DIRECTIONS FOR THIS TASK —
Set down, exactly and only, everything from the line containing "Load image into" down to the line containing "LS6054-Small Grey Boutique" in the data below; the pictures are not part of the copy.
[RECORDS SHOWN — start]
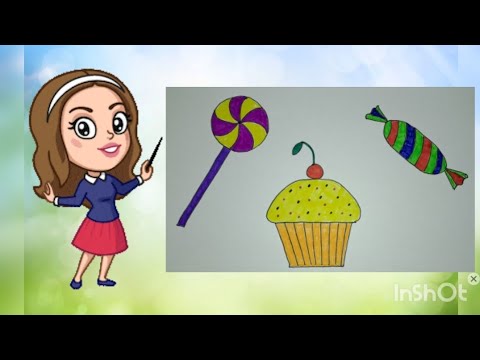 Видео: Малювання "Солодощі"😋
[RECORDS SHOWN — finish]
[RECORDS SHOWN — start]
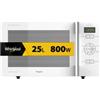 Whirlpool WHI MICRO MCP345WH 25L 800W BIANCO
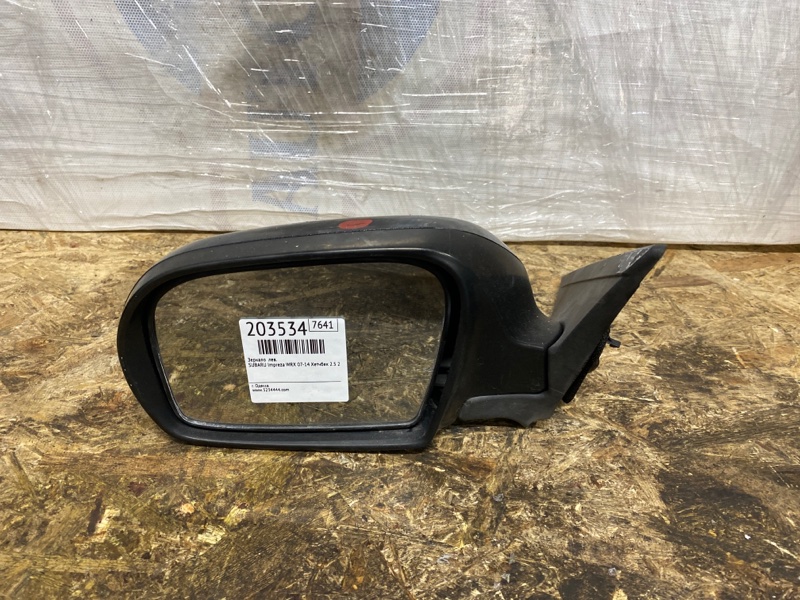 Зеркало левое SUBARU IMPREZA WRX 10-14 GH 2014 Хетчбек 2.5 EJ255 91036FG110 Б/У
[RECORDS SHOWN — finish]
[RECORDS SHOWN — start]
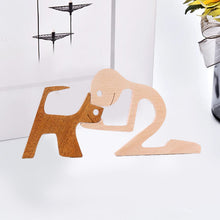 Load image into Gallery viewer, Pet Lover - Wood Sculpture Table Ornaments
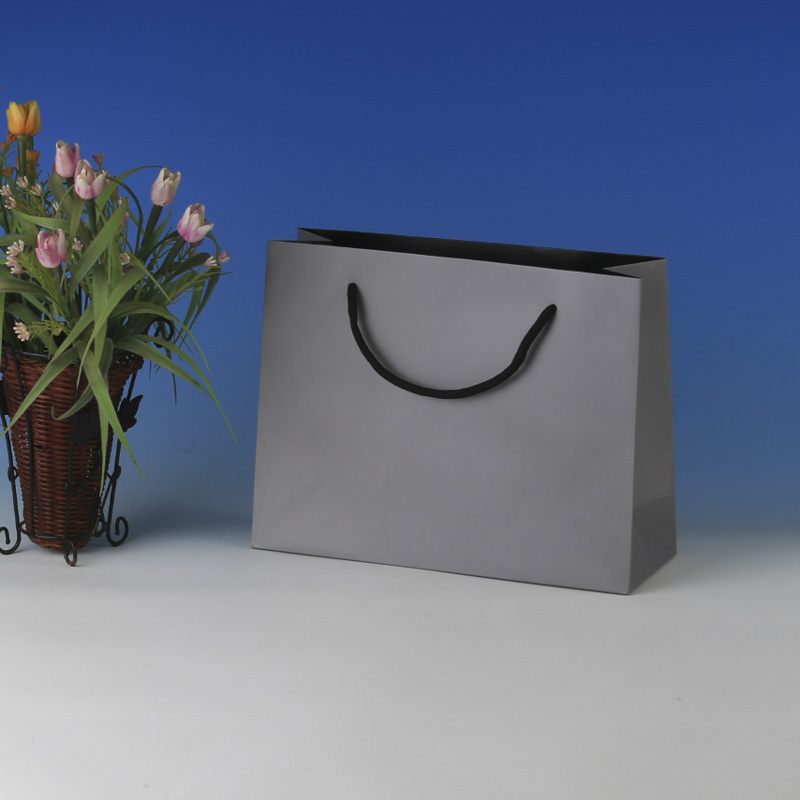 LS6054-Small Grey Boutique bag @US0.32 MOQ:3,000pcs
[RECORDS SHOWN — finish]
EXERCISE SOLUTION —
 Load image into Gallery viewer, Pet Lover - Wood Sculpture Table Ornaments
 LS6054-Small Grey Boutique bag @US0.32 MOQ:3,000pcs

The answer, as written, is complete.